燃える病院の庭から、潮でも引くように逃げていく。
残されたのは僕とタカチだけだ。
「いいかげんどいてくれフミサキ、重てぇ」
「あ、ごめん」
横に転がってどいた。
さしだされた手にすがってのろのろ立ち上がってみると、火はもうそうかんたんには収まりそうにない感じになってきていた。
いがらっぽい煙が慄ってきて、咳が出た。
ひどい頭痛とめまいと吐き気がして、クラッときて、手から鼻先からチカラが抜けて、気がつくと地面にまたしゃがみこんでしまっていた。
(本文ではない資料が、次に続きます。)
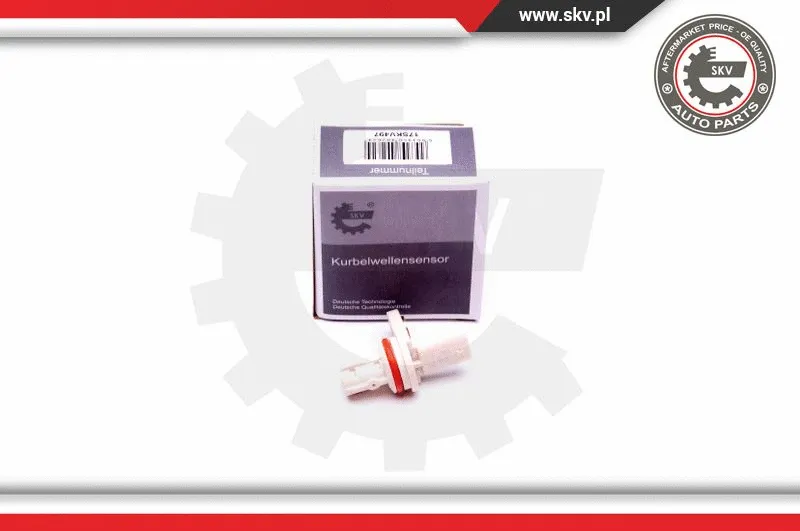 Sensor, camshaft position (17SKV497)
ますます強まった火事の輝きと熱が、顔をそむけていても感じられた。
世界じゅうが真っ赤になったみたいだった。
真っ赤で、耳もとでごうごう唸っている。
怨霊さんたちが怒り狂ってんのかもしれないな、なんて思うと、炎の中にうらめしそうなジジイやババアの顔が見えそうで、おっかないから目をそむけた。
魔法か?
いまのは魔法だったのか?
僕は魔法使いだったのか?
うそでー!
僕は膝をついて、呆然と自分の両手を見下ろしていた。
ただの手だ。
汚ない軍手をはめたちっちゃな手。
わなわな震えている。
母さん。
「フミサキ……おまえ」
タカチの手が背中にやさしく載せられて、自分がいつの間にか涙流して泣いてたのがわかった。
「ば、ばあさんはそうだったんだって」
僕は言った。
「僕に文咲なんてオンナみたいな名前をつけたそのばあさんが。
魔法使いだったって、母さんが言ってた。
だから、ひょっとしてばあさんがバケて出てきたのかも。
僕のピンチに。
だってもしDNAとかの影響で俺にも力があるっていうんなら、なんで母さんのこと、助けられなかった?
助けたかったのに……
あんなに苦しがってた時、すげぇ痛そうだった時、なんでもいいから役にたちたかったのに……
なんであんときばあさん出てこなかったんだろ?
本気で思ってなかったってことかよ?
……ちくしょう!
なんでだよ。
どうしてだよ。
わかんねぇよ。
いまさらなんだよ!
間に合わねぇよ!
間に合えよバカ!」
「とにかく俺を助けてくれるのにはきっちり間に合ったじゃん」
タカチはハンカチを出して、僕の顔をごしごし拭いた。
「なぁ。
よお、魔法使いだかなんだか知らねぇけど。
おまえ、この 火事は消せないんだよなぁ?」
僕はぽかんとした。
炎はいまやとんでもない勢いになり、二階へ、三階へ広がっている。
遠くにいる僕たちの顔にまで、熱の押すチカラが実際感じられるぐらいだ。
これに逆らうんだなんて、いったいどうやったらいいものかまるで見当もつかない。
あの炎と戦う、とか思うと、ぶるっと震えがきた。
「ごめん」
頭を振った。
「無理だって。
こえーよ」
「そらまーそうだろうな」
消防士のひとたちってすげえな。
僕たちはよっかかりながら支え合いながら立ちながら、燃える病院をいつまでも見つめてた。
どこか遠くでサイレンが鳴っていた。